TASK STATEMENT -> Starting at the first line, reproduce the listing below in full, exactly as given.

----

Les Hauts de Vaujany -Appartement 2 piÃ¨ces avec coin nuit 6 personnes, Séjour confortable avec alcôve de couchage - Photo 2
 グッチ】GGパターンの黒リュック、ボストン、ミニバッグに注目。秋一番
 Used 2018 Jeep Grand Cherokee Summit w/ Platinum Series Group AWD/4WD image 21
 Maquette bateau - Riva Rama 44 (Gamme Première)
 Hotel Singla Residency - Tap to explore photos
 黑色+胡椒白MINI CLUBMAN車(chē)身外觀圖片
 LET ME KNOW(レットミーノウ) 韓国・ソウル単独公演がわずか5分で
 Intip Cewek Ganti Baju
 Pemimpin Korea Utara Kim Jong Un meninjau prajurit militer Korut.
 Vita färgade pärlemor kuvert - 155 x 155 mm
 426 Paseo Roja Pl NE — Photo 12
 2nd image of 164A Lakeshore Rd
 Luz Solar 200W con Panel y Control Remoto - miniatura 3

----

RESULT FOR THIS TASK ->
Les Hauts de Vaujany -Appartement 2 piÃ¨ces avec coin nuit 6 personnes, Séjour confortable avec alcôve de couchage - Photo 2
 グッチ】GGパターンの黒リュック、ボストン、ミニバッグに注目。秋一番
 Used 2018 Jeep Grand Cherokee Summit w/ Platinum Series Group AWD/4WD image 21
 Maquette bateau - Riva Rama 44 (Gamme Première)
 Hotel Singla Residency - Tap to explore photos
 黑色+胡椒白MINI CLUBMAN車(chē)身外觀圖片
 LET ME KNOW(レットミーノウ) 韓国・ソウル単独公演がわずか5分で
 Intip Cewek Ganti Baju
 Pemimpin Korea Utara Kim Jong Un meninjau prajurit militer Korut.
 Vita färgade pärlemor kuvert - 155 x 155 mm
 426 Paseo Roja Pl NE — Photo 12
 2nd image of 164A Lakeshore Rd
 Luz Solar 200W con Panel y Control Remoto - miniatura 3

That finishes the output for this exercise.